Transthoracic echocardiography revealed no apparent vegetation. As we continued administering Vancomycin, swollen and reddened skin turned normal, but MRSA was positive on blood culture. We changed antibiotics, Vancomycin to Daptomycin. By changing antibiotics, blood culture turned negative. After administered antibiotics for 4 weeks, she was discharged and moved to another hospital to receive rehabilitation. Conclusions: Sometimes MRSA forms a biofilm. Vancomycin
doesn’t permeate a biofilm through inside easily. Daptomycin, however, penetrate through inside Selleck BMS-777607 and show antibacterial activity. In our case, successful treatment was done with Daptomycin. Daptomycin is one of the choice to treat graft infection by MRSA when it is intractable. 274 A CASE REPORT OF 2 SUCCESSFUL PREGNANCY OUTCOMES IN A FEMALE WITH END STAGE RENAL FAILURE SECONDARY TO FOCAL SEGMENTAL GLOMERULOSCLEROSIS S AGGARWAL1, S ROXBURGH1, A MATHER1, S MCGINN1, S SEEHO2, T NIPPITA2, M BROWN3 1Renal Medicine, Royal North Shore Hospital, St Leonards, NSW; 2Obstetrics and Gynaecology, Royal North Shore Hospital, St Leonards, NSW; 3Renal Medicine, St George Hospital, Kograh, NSW,
Australia Background: Successful pregnancy outcomes have been increasingly reported in patients with end stage kidney disease (ESKD) with improved haemodialysis regimes.

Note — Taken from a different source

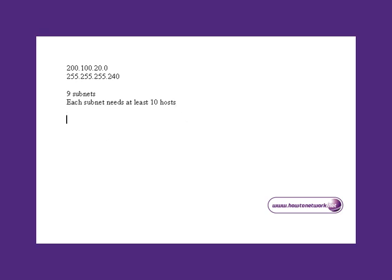Now we know then if we tick down four places, we're going to get 16 subnets. That's as close as we can get to nine subnets, unfortunately.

We report 2 successful pregnancies in a 32 year old female with ESKD on chronic haemodialysis. Case Report: Our SB-3CT patient developed ESKD secondary to focal segmental glomerulosclerosis (FSGS) that was treated unsuccessfully with cyclophosphamide and steroids and progressed to dialysis by age PLX4032 20. She subsequently had a renal transplant aged 25 with disease recurrence resulting
in a return to nocturnal haemodialysis within 12 months. In 2009 she conceived and was managed with extended dialysis hours (36 hours/week with an average urea of 6 mmol/L) and correction of anaemia with increased dose of erythropoietin stimulating agents. At 33 + 6/40 gestation she developed preterm premature rupture of membranes (PPROM). She delivered a 2.3 kg male who developed severe nephrotic syndrome which resolved spontaneously by day 30. Genetic testing of both the mother and child did not reveal a familial or genetic form of FSGS. In 2012 she successfully progressed with a pregnancy after 2 miscarriages at 8/40 gestation. She remained on haemodialysis for 36 hours/week with an average urea of 4–6 mmol/L and a haemaglobin greater than 95 g/L. At 28 + 4/40 gestation she developed PPROM and went into spontaneous labour at 34 + 3/40 gestation. She delivered a 1.7 kg male with no evidence of nephrotic syndrome. Conclusions: This case supports the literature showing that extended hours of haemodialysis and correction of anaemia can preserve fertility and allow successful pregnancy outcomes in women on haemodialysis.